A siphon uses gravity and pressure differentials to pull fluid out of a high reservoir, pass it through an intermediate system and perform mechanical work, and return it to a low reservoir, all driven by continous weight of the liquid column. If the siphon column breaks, the flow instantly stops and the system reverts to equilibrium. A flash loan works exactly like this continous fluid.
It temporarily gives access to liquidity to a borrower who can then execute MEV strategy, and if anything breaks along the way, the transaction is reverted back to its initial state.
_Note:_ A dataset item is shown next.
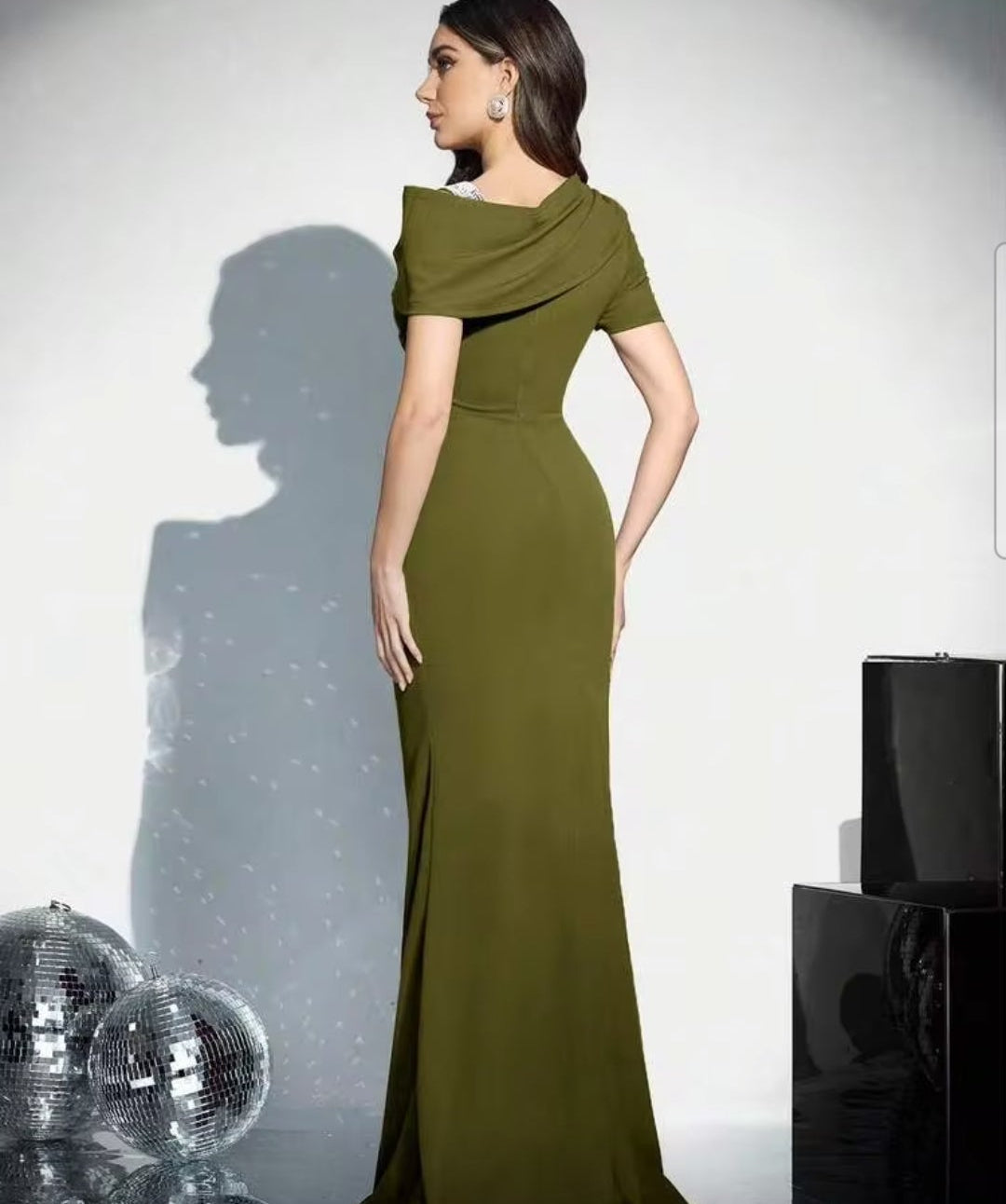 Vestido Army green pegado al cuerpo asimétrico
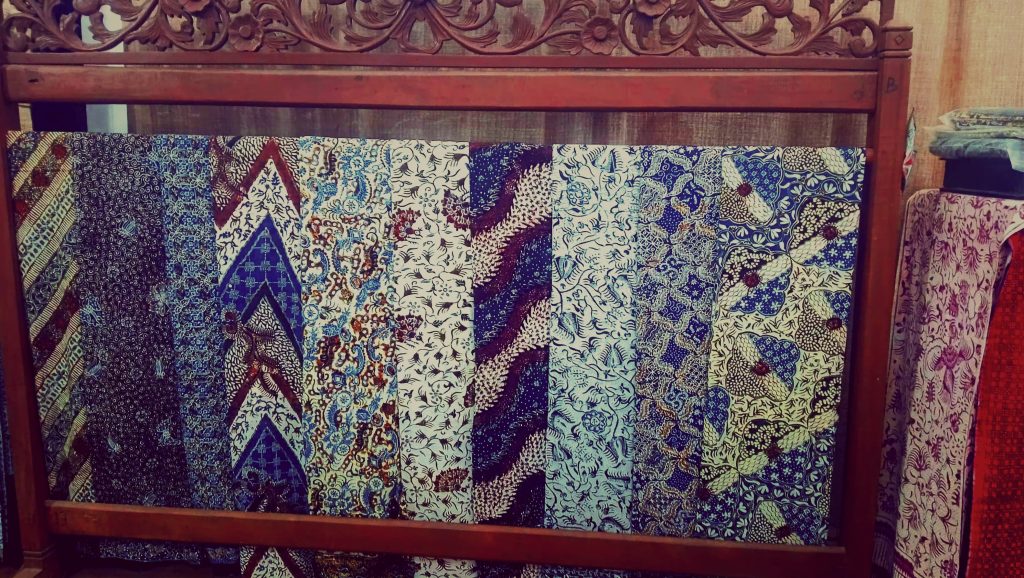 Batik Gedog Tuban yang memiliki ciri khas dan keunikannya tersendiri.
In this analogy, the flash loan technically "siphon's" liquidity from the liquidity pool or a lending protocol to give it to a borrower.
- Pool liquidity: The potential energy stored in the water reservoir.
- Flash loan: Siphoning water out instantly via high pressure drop.
- Mechanical work: Could be arbitrage or any other MEV strategy.
- Single transaction atomicity: If transaction fails, everything is rolled back, same to when the fluid siphon break before the loop ends, the fluid state reverts.
This flash loan system follows atomic sandwich structure. Where the intended DeFi operations like MEV logic is sandwitched between receiving the loan and paying back the lender after the intended operation is completed.
This flash loan system acts as the lender for effective and properly controlled test and liquidity provision for testing the system.
- Borrow -> Verify repay exists -> Issue temporary liquidity.
- Execute MEV strategy.
- Repay -> Read borrow instruction -> Verify balances -> Repay back the loan.
Initializes the protocol, setting up the authority, fee and other protocol configurations.
Issues temporary liquidity to the borrower. This is the flash loan.
Repays back the loan, with fee(profit).
All above occure quickly under one transaction atomically.